OpenCyphal / pycyphal

Python implementation of the Cyphal protocol stack.
https://pycyphal.readthedocs.io/
MIT License
117 stars 106 forks source link

OSError No buffer space available during firmware update / large data transfer with socketcan #233

Closed wiboticalex closed 2 years ago

wiboticalex commented 2 years ago

Occasionally during a firmware update Yakut will crash and the socket that pycyphal has created will claim that there is "No buffer space available" aka ENOBUFS.

Traceback:

2022-07-05 18:02:02 0101068 ERR pycyphal.presentation._port._server: Server(dtype=uavcan.file.Read.1.1, input_transport_session=CANInputSession(InputSessionSpecifier(data_specifier=ServiceDataSpecifier(service_id=408, role=<Role.REQUEST: 1>), remote_node_id=None), PayloadMetadata(extent_bytes=300))) task failure: [Errno 105] No buffer space available
Traceback (most recent call last):
  File "/home/alex/.local/share/virtualenvs/uavcan_v1-Kt-sRht1/lib/python3.9/site-packages/pycyphal/presentation/_port/_server.py", line 201, in task_function
    await self.serve_for(handler, _LISTEN_FOREVER_TIMEOUT)
  File "/home/alex/.local/share/virtualenvs/uavcan_v1-Kt-sRht1/lib/python3.9/site-packages/pycyphal/presentation/_port/_server.py", line 182, in serve_for
    return await self.serve(handler, monotonic_deadline=loop.time() + timeout)
  File "/home/alex/.local/share/virtualenvs/uavcan_v1-Kt-sRht1/lib/python3.9/site-packages/pycyphal/presentation/_port/_server.py", line 170, in serve
    await self._do_send(response, meta, response_transport_session, loop.time() + self._send_timeout)
  File "/home/alex/.local/share/virtualenvs/uavcan_v1-Kt-sRht1/lib/python3.9/site-packages/pycyphal/presentation/_port/_server.py", line 309, in _do_send
    return await session.send(transfer, monotonic_deadline)
  File "/home/alex/.local/share/virtualenvs/uavcan_v1-Kt-sRht1/lib/python3.9/site-packages/pycyphal/transport/can/_session/_output.py", line 252, in send
    return await self._do_send(can_id, transfer, monotonic_deadline)
  File "/home/alex/.local/share/virtualenvs/uavcan_v1-Kt-sRht1/lib/python3.9/site-packages/pycyphal/transport/can/_session/_output.py", line 163, in _do_send
    if await self._send_handler(transaction):
  File "/home/alex/.local/share/virtualenvs/uavcan_v1-Kt-sRht1/lib/python3.9/site-packages/pycyphal/transport/can/_can.py", line 329, in _do_send
    num_sent = await self._maybe_media.send(
  File "/home/alex/.local/share/virtualenvs/uavcan_v1-Kt-sRht1/lib/python3.9/site-packages/pycyphal/transport/can/media/socketcan/_socketcan.py", line 153, in send
    raise err
  File "/home/alex/.local/share/virtualenvs/uavcan_v1-Kt-sRht1/lib/python3.9/site-packages/pycyphal/transport/can/media/socketcan/_socketcan.py", line 139, in send
    await asyncio.wait_for(
  File "/usr/lib64/python3.9/asyncio/tasks.py", line 479, in wait_for
    return fut.result()
  File "/usr/lib64/python3.9/asyncio/selector_events.py", line 441, in sock_sendall
    n = sock.send(data)
OSError: [Errno 105] No buffer space available

I have found that patching pycyphal's transport/can/media/socketcan/_socketcan.py in _make_socket with

_SO_SNDBUF = 7
s.setsockopt(socket.SOL_SOCKET, _SO_SNDBUF, 1)

allows updates (and I assume other large data transfers) to occur with no issues from my testing.
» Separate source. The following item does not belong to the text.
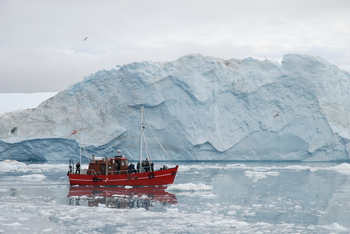 Rød båt utenfor Ilulissat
I assume a proper fix using this method would probably set SNDBUF to something greater than 1 though.

There is some discussion of this issue in section 3.4 of http://rtime.felk.cvut.cz/can/socketcan-qdisc-final.pdf, although I found that I did not have to adjust the default queue length of 10 in my case even with using the minimum SNDBUF.
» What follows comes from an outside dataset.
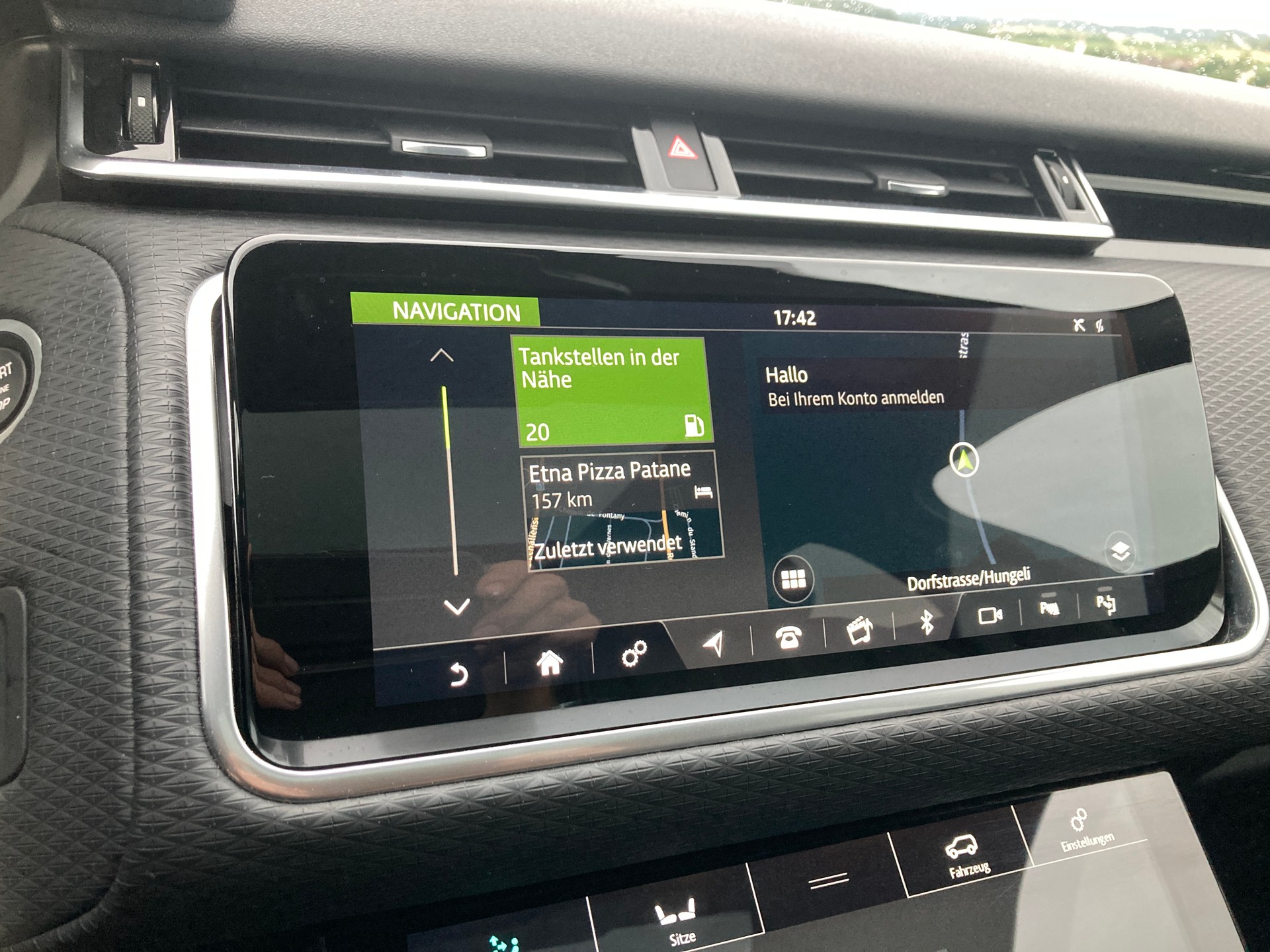 LAND ROVER Range Rover Velar P 250 S Automatic-image-9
A couple other ways that this could be worked around that I found are increasing the default queue length (although is just hiding the issue?) or adding some retry logic to the send function when OSError's errno == errno.ENOBUFS.

Any thoughts?

pavel-kirienko commented 2 years ago

As I understand it, the two solutions are both technically valid: either reduce the SO_SNDBUF size such that it is no greater than twice the size of the TX queue (multiplied by the CAN frame control structure size) or increase the TX queue size to the same effect. I normally use the latter:

https://gist.github.com/pavel-kirienko/32e395683e8b7f49e71413aebf5e1a89#file-setup_slcan-L101

But we can easily modify PyCyphal to set SO_SNDBUF to some small value to make the default-size txqueuelen block correctly as well. What you suggested is correct, except that setting the SNDBUF to 1 byte seems arbitrary -- the kernel will override that setting to some minimum anyway, so you could just as well use zero.

Would you send a pull request?